### Work item
Retype, exactly and completely, the listing that comes next, skipping its images.

═════ Information shown ═════

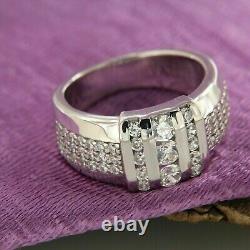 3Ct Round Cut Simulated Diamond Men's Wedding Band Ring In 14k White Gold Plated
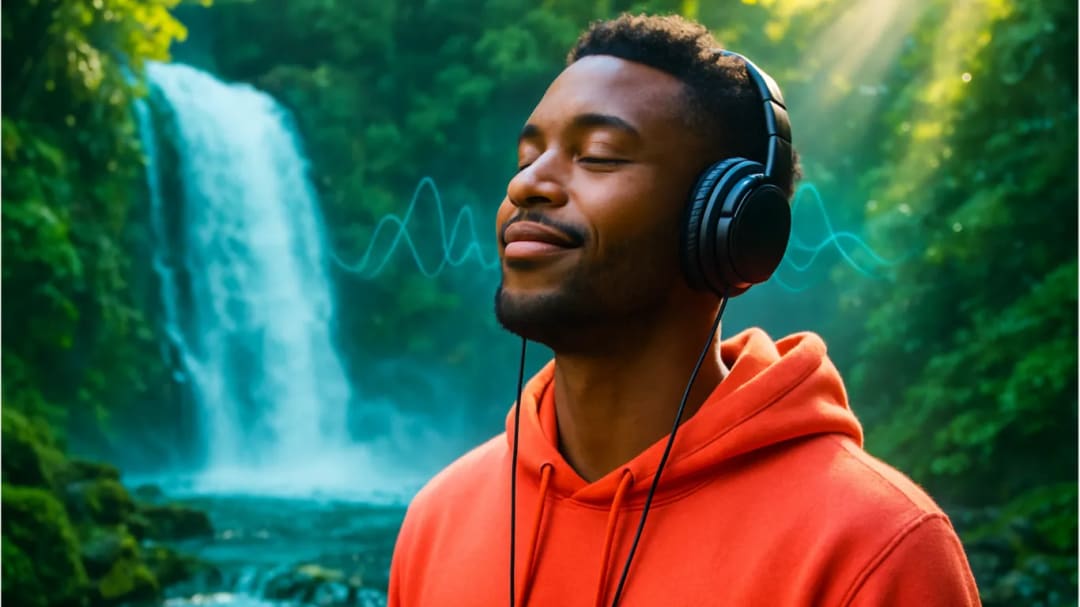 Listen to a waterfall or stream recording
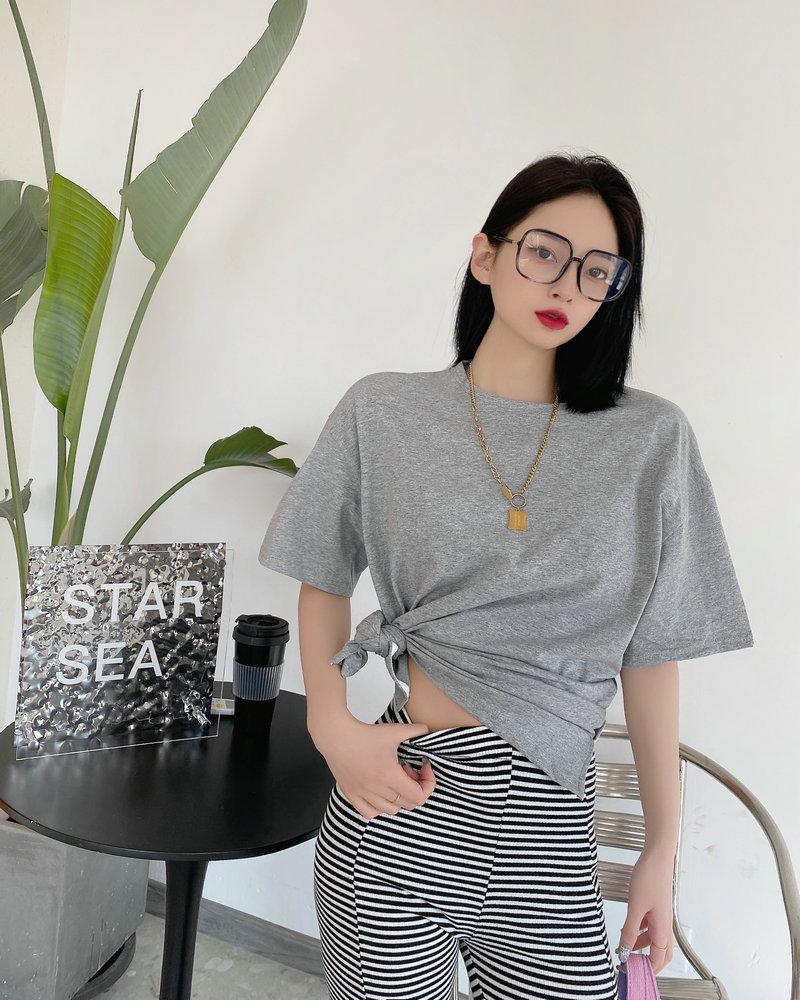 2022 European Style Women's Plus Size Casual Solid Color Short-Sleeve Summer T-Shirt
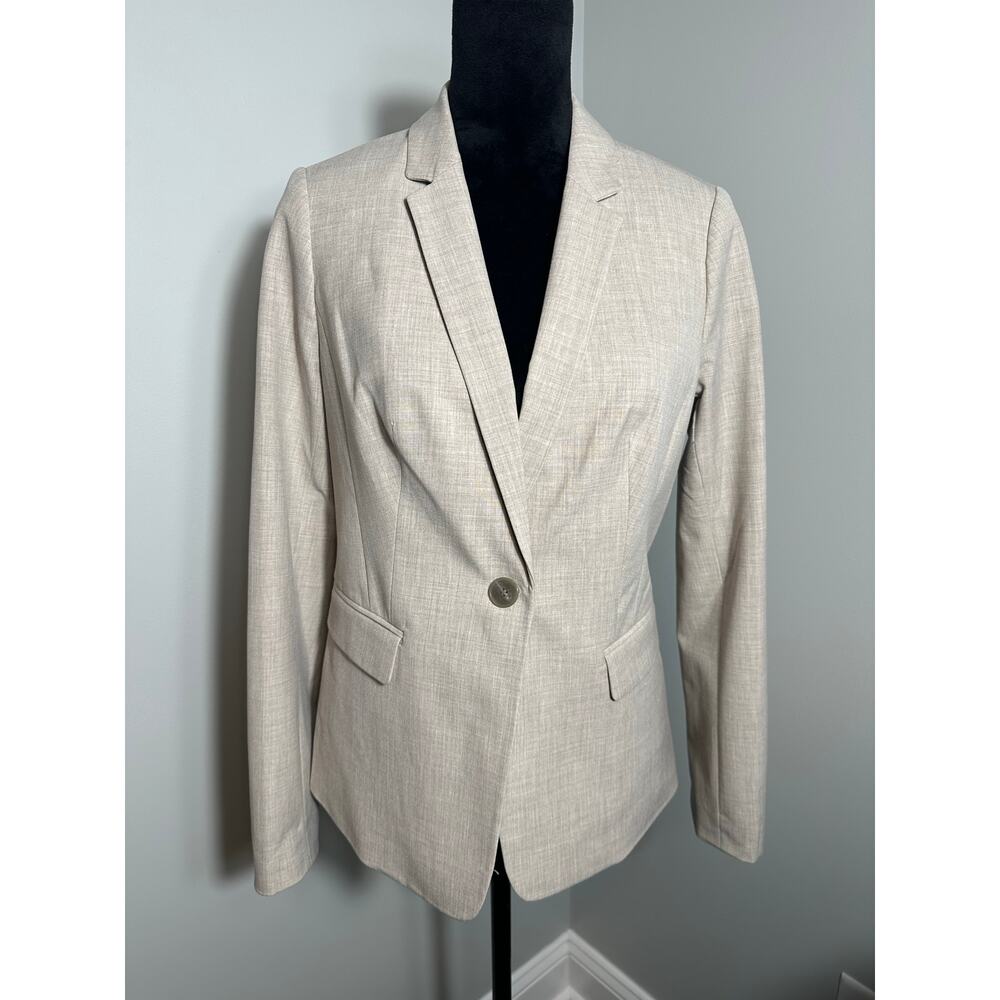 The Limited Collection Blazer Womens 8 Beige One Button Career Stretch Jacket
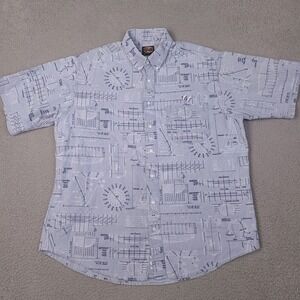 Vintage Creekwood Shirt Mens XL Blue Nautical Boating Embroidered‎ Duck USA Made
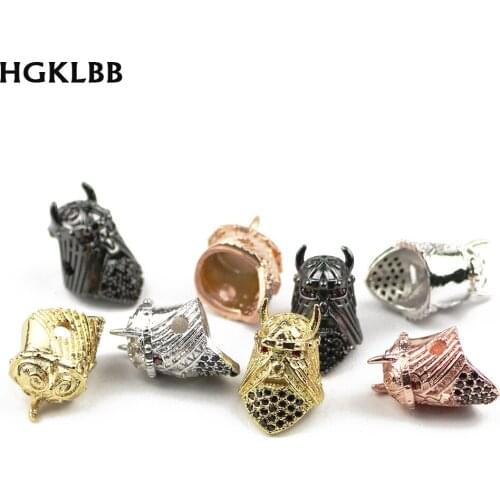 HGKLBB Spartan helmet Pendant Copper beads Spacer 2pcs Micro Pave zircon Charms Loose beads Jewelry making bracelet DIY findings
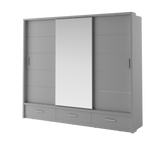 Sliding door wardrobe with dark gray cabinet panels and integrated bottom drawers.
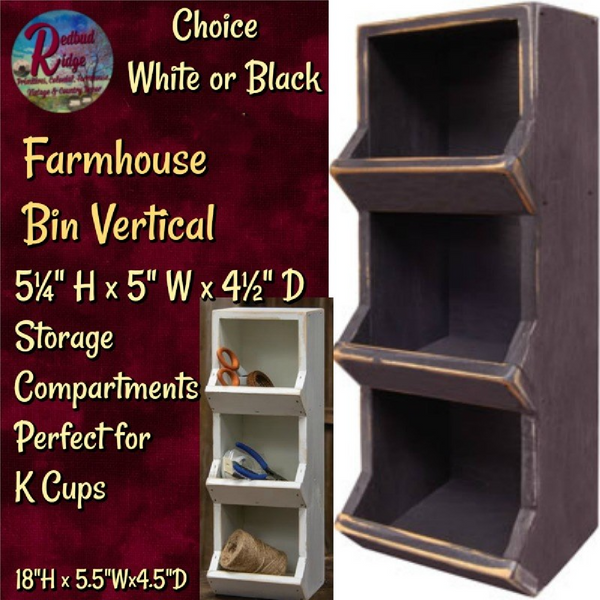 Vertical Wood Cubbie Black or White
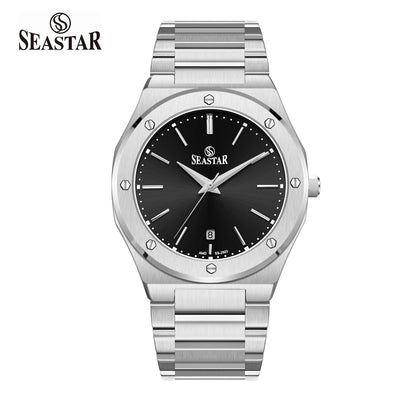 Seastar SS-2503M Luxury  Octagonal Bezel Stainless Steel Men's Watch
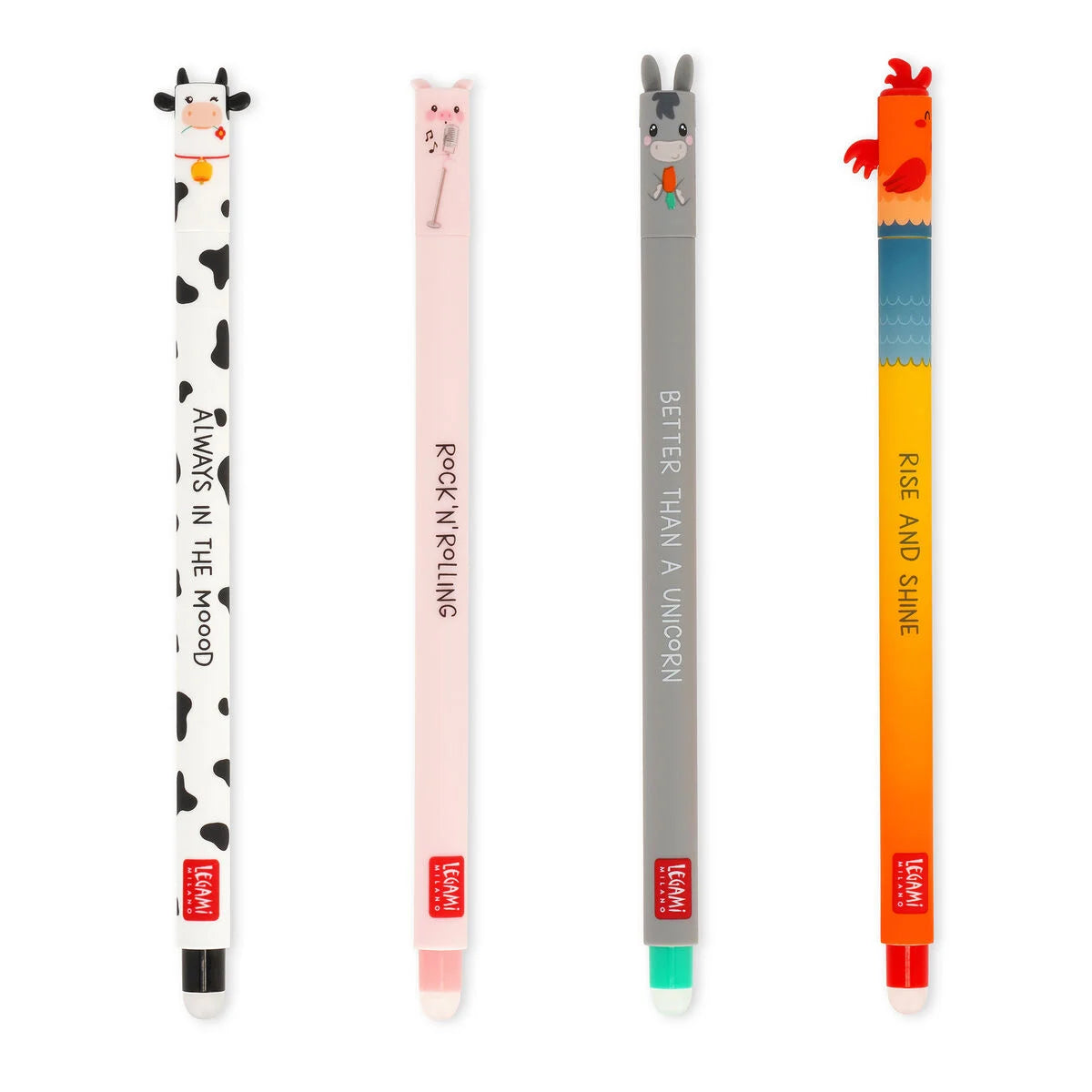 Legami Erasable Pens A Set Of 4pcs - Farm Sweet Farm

═════

### Answer to the problem
 3Ct Round Cut Simulated Diamond Men's Wedding Band Ring In 14k White Gold Plated
 Listen to a waterfall or stream recording
 2022 European Style Women's Plus Size Casual Solid Color Short-Sleeve Summer T-Shirt
 The Limited Collection Blazer Womens 8 Beige One Button Career Stretch Jacket
 Vintage Creekwood Shirt Mens XL Blue Nautical Boating Embroidered‎ Duck USA Made
 HGKLBB Spartan helmet Pendant Copper beads Spacer 2pcs Micro Pave zircon Charms Loose beads Jewelry making bracelet DIY findings
 Sliding door wardrobe with dark gray cabinet panels and integrated bottom drawers.
 Vertical Wood Cubbie Black or White
 Seastar SS-2503M Luxury  Octagonal Bezel Stainless Steel Men's Watch
 Legami Erasable Pens A Set Of 4pcs - Farm Sweet Farm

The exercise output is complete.